▸ **DESCRIPTION OF THE TASK**
The stretch wanted below opens at the line containing "Carta da parati lago nell'aurora boreale" and closes at the line containing "内衣女大胸显小防凸点软钢圈聚A拢超薄兔耳朵收副乳防下垂文胸套". Please return it exactly, with no other lines.

*** TASK MATERIAL ***

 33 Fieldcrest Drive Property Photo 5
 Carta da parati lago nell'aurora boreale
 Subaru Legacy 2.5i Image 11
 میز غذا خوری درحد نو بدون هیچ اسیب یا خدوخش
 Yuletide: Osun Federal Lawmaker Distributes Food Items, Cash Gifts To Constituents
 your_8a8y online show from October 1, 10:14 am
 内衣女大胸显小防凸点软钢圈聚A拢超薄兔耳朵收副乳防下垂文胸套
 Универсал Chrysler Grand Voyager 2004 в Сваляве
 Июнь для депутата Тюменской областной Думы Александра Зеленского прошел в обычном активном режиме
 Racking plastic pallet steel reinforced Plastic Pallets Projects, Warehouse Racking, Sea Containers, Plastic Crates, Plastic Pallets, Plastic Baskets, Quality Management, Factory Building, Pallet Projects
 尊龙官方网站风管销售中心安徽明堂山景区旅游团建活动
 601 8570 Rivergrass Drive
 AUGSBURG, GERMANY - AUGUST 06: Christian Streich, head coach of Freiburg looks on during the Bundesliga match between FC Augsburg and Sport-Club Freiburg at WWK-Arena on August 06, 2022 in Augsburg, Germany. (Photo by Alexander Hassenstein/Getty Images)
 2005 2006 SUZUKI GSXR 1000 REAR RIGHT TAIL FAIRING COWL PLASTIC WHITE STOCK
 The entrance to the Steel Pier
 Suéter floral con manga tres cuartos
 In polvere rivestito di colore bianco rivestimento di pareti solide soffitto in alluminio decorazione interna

***

▸ **SOLUTION**
 Carta da parati lago nell'aurora boreale
 Subaru Legacy 2.5i Image 11
 میز غذا خوری درحد نو بدون هیچ اسیب یا خدوخش
 Yuletide: Osun Federal Lawmaker Distributes Food Items, Cash Gifts To Constituents
 your_8a8y online show from October 1, 10:14 am
 内衣女大胸显小防凸点软钢圈聚A拢超薄兔耳朵收副乳防下垂文胸套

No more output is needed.